Il persiste ainsi à soutenir que le projet a été plombé par la crise sanitaire, par l'attitude de Canal+ qui n'a pas voulu distribuer la chaîne Téléfoot, mais aussi par l'échec des renégociations avec la Ligue de football de profesionnel (LFP).

  • Pour Roures, le "business plan" initial de Mediapro était viable

"Nous avons donc fait une offre pour un total de 780 millions d'euros. La France a 50% de population en plus, un PIB plus important que l'Espagne... Donc les données objectives économiques du marché faisaient que nous croyions à la France. (...) Nous avons pris les droits pour quatre saisons. L'idée était de gagner de l'argent lors des années 3 et 4".

  • Roures estime que la LFP aurait dû revoir son contrat à la baisse

"En août 2020, on discute avec la Ligue pour revoir le prix et le contrat. (...) Qu'est-ce qu'on a demandé? Un rabais de 200 millions d'euros sur les 814 engagés. Cette négociation n'a pas été acceptée. Car la Ligue, sans revenus annexes, ne voulait pas discuter de son seul revenu. Nous avons demandé un délai mi-novembre pour discuter et on proposé 64 millions, ce qui qui était selon nous la valeur des matches déjà diffusés. L'offre a été refusée, et c'est à ce moment qu'on a commencé le procès".
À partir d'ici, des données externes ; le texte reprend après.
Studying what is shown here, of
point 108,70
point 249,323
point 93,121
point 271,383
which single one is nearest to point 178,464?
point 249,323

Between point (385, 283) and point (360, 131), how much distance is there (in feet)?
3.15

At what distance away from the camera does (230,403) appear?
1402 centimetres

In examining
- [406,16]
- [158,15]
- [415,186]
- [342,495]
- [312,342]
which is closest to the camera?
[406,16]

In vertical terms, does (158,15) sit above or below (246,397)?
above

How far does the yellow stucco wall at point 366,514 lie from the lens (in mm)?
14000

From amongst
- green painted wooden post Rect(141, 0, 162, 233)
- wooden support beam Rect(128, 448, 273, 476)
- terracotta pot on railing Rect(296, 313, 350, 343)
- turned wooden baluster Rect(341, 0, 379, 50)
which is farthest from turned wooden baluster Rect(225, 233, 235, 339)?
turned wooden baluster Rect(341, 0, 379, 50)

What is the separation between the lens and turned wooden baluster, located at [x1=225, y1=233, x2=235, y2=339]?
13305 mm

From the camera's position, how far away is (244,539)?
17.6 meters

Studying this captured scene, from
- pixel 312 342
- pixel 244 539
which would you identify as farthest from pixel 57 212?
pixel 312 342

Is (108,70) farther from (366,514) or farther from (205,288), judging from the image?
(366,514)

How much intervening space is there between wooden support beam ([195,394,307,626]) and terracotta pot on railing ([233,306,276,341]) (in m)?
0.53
"On n'a pas jeté l'éponge. On n'a pas pu négocier. (...) On a voulu négocier à cause du Covid. La Premier League, la Liga, l'UEFA... Nous avons eu des accords avec tout le monde. Sauf en France. (...) 200 millions d'euros de rabais, c'est sept millions par club de Ligue 1, trois millions en Ligue 2. Personne ne peut me dire que c'était impossible que les clubs coupent leur budget dans cette petite dimension. Peut-être que les joueurs auraient eu une Maserati à la place d'une Ferrari. On discute de ça, rien de plus. Tout le reste, c'est du bruit. En Espagne, les joueurs du Real Madrid, du Barça et de plusieurs clubs ont baissé les salaires pour sauver la situation. Ici, il paraît que ça n'a pas été possible, même si Lens ou Lille ont fait des choses comme ça".

"On a fini par l'accord pour rendre les droits à la LFP. On est parti en février. Puis la Ligue a vendu 1/3 de nos packs à Canal, puis a vendu le reste à Amazon pour 250 millions d'euros. Notre offre, même au rabais, était supérieure à celle d'Amazon".

  • Roures convaincu que l'abonnement à 25 euros pour Téléfoot était juste

"En Espagne, le prix était aux alentours de 18 euros. Avec des études de marché en France, notre prix était le meilleur d'Europe avec la Ligue 1, la Ligue 2 et la Ligue des champions. Avec une offre, on avait Netflix en plus".

  • Le rôle de la crise sanitaire dans le fiasco, selon Roures

"Les bars, les hôtels, les restaurants étaient fermés, alors que ça représente 10 ou 15% du business. (...) Le confinement a fait croître le piratage partout".

"Autre problème, on voulait décaler le début du championnat car le PSG et Lyon étaient qualifiés en demi finale du Final 8 de la Ligue des Champions en plein été. On ne s’est pas mis d’accord. La LFP nous a dit que le Conseil d’État ne pouvait pas repousser le début du championnat, ni repousser certains matches. Au début du championnat, la moitié des joueurs du PSG étaient en vacances à Ibiza... Ce n'est pas sérieux pour un business important où on joue des centaines et des centaines de millions d’euros".

  • Roures déplore l'attitude de Canal+

"Quelle a été l'attitude de Canal+ avec la LFP après notre départ? Je ne vais pas dire du chantage, mais une pression insupportable avec des offres fantômes. C'est comme un enfant qui n'est pas très bien éduqué. On parle pourtant d'un empire, pas d'une petite entreprise. (...) Si tu as mis des milliards pendant 30 ans sur le foot et que ton produit ne s'est pas amélioré, c'est que tu as un problème".

  • L'échange savoureux entre Roussel et Roures

En décembre dernier, le député Cédric Roussel avait déploré les "attitudes de voyou" de Jaume Roures, après le retrait de Mediapro. Ce dernier s'en souvient: "vous ne pensez plus que je suis un voyou?", lance-t-il. Ce à quoi le député a répondu: "Je parlais de méthodes de voyou mais vous n'êtes pas un voyou, monsieur Roures."